I suspect there cannot be a single solution to all of the above.
Sounds like all containers already use netns.
By itself netns has non-trivial overhead. Hannes is working
on something new that should solve veth/netns performance issues.
Netns makes above problem to be solvable at L2 level.
Sometimes it doesn't fit. The solution without netns are being
developed.
The upcoming cgroup+bpf will allow ingress/egress socket
filtering without netns. All processes of a container will be
under a cgroup and bpf program will enforce operation for all
sockets of all processes.
Sounds like what you're saying is that checmate lsm can
solve all of the above? I think theoretically it can, but bpf
programs will become very complex.
imo cgroup+bpf approach is easier to manage and operate.
cgroup+bpf won't work for load balancing and nat, but they're
solvable at tc+bpf layer like cilium does.

I'm not familiar with Cilium?

I'm implementing some of the programs that have the aforementioned
behaviour, and some of them (limiting usage of ephemeral ports) gets
complicated, but it's still in the realm of possibility. I plan to
share:
-Rx / Tx statistics per container
-Limiting usage of ephemeral ports
-Rewriting bind port
-Limiting filesystem access

Do you have any advice on the API?

For networking bits Daniel Mack is working on cgroup+bpf patches
that will allow 1 and 2.
Rewriting bind port would need write access which is a possible
extension.
fs is tricky. Probably should be cgroup based as well,
but that will be different cgroup controller. The one Daniel does
is network only, since the hook point is similar to sk_filter().

Currently, I've created some new bits around prctl, but I feel like
those extensions are a bit awkward, since prctl is supposed to work on
a process-by-process basis. On the other hand, a VFS API seems complex
-- do I make it similar to kprobes, where someone can echo an fd #
into some file, and we add the probe?

On Tue, Aug 16, 2016 at 07:38:45PM -0700, Alexei Starovoitov wrote:

On Tue, Aug 16, 2016 at 5:09 PM, Sargun Dhillon <sargun@...> wrote:

On Fri, Aug 12, 2016 at 6:16 PM, Alexei Starovoitov
<alexei.starovoitov@...> wrote:

On Thu, Aug 11, 2016 at 12:06 PM, Sargun Dhillon via iovisor-dev
<iovisor-dev@...> wrote:

Hello all,
Sorry for my bumbling on the phone yesterday. I promised to share the
use cases for the LSM. I'd love to get opinions.

There is a large enterprise that runs between 8-24 containers on each
server.
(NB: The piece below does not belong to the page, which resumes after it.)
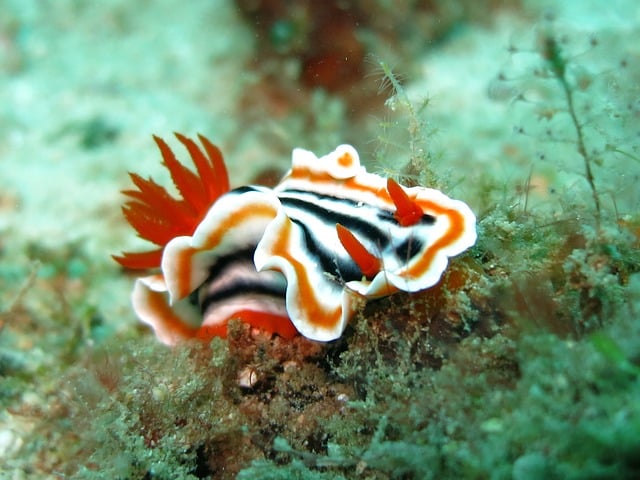 ウミウシ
These apps don't always play by the rules -- They don't always
bind to the right ports, sometimes they make too many connections that
exhaust ephemeral ports, they use up too much bandwidth, etc.. In
addition, this organization has an infrastructure that's leveraging a
legacy DC, and they're very performance sensitive. This legacy DC is
IPv4 only.

Right now, they employ a mechanism by which they run multiple network
namespaces that use tc mirred action to tie together machines, you can
find out more about how it works here:
http://mesos.apache.org/documentation/latest/port-mapping-isolator/.
This is suboptimal because it interferes with operation of things like
ICMP (packets are fanned out to all network namespaces, resulting in
dups), and it has a noticeable performance overhead.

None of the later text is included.